*Exercise directions*.
Find the line with "Awesome burger...can't say" in the entries below. Repeat it, every following line, and the line with "Pure Cotton Silk Round Neck Suit Set", exactly and with nothing added.
·····
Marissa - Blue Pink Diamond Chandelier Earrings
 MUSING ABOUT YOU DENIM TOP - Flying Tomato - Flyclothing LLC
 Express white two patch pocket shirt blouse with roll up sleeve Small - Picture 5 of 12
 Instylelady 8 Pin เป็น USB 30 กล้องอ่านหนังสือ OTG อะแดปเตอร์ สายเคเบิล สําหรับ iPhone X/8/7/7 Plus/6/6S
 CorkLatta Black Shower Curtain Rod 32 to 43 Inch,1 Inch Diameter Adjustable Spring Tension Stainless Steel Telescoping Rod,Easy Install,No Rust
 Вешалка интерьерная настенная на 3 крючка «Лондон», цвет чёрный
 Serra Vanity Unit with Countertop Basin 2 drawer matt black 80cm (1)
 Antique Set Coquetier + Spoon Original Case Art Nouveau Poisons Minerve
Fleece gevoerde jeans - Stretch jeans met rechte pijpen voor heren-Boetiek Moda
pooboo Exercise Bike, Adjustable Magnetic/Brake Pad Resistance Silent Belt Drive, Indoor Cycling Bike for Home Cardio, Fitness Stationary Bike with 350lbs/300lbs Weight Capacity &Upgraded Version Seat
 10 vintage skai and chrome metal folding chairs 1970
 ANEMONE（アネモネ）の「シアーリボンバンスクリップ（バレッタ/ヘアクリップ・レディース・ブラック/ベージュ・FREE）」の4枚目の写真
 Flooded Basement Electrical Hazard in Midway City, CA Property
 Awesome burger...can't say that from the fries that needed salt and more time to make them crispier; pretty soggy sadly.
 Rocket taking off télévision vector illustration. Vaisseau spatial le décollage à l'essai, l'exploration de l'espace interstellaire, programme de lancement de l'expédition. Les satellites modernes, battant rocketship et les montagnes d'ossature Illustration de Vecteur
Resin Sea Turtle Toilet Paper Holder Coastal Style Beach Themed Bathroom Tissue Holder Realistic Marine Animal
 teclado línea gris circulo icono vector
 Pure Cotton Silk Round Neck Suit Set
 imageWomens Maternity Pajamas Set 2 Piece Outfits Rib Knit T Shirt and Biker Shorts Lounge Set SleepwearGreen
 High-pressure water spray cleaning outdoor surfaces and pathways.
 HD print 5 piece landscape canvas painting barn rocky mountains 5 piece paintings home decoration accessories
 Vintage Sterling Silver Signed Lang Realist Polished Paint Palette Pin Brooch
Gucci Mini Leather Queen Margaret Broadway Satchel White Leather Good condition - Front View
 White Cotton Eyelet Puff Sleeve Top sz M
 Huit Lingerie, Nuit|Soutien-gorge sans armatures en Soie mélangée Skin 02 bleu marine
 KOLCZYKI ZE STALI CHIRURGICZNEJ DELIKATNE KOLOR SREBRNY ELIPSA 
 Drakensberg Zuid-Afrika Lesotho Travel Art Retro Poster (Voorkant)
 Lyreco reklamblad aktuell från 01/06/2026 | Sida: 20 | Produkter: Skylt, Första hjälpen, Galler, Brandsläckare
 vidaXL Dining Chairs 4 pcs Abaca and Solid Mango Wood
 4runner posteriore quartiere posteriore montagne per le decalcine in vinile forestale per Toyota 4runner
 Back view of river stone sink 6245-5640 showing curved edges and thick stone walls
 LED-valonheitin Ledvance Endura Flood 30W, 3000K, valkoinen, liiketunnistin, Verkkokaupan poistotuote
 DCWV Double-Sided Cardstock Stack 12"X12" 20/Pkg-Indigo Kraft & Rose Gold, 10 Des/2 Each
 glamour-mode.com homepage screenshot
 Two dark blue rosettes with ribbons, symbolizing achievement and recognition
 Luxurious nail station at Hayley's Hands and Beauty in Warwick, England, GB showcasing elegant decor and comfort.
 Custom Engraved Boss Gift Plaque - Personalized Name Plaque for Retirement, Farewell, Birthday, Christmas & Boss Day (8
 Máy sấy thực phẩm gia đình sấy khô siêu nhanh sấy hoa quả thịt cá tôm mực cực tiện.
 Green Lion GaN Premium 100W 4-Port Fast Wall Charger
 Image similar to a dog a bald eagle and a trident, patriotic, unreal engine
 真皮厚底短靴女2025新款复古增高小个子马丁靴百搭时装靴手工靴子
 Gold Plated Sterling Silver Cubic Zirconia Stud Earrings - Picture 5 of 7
·····
*Problem solution*.
 Awesome burger...can't say that from the fries that needed salt and more time to make them crispier; pretty soggy sadly.
 Rocket taking off télévision vector illustration. Vaisseau spatial le décollage à l'essai, l'exploration de l'espace interstellaire, programme de lancement de l'expédition. Les satellites modernes, battant rocketship et les montagnes d'ossature Illustration de Vecteur
Resin Sea Turtle Toilet Paper Holder Coastal Style Beach Themed Bathroom Tissue Holder Realistic Marine Animal
 teclado línea gris circulo icono vector
 Pure Cotton Silk Round Neck Suit Set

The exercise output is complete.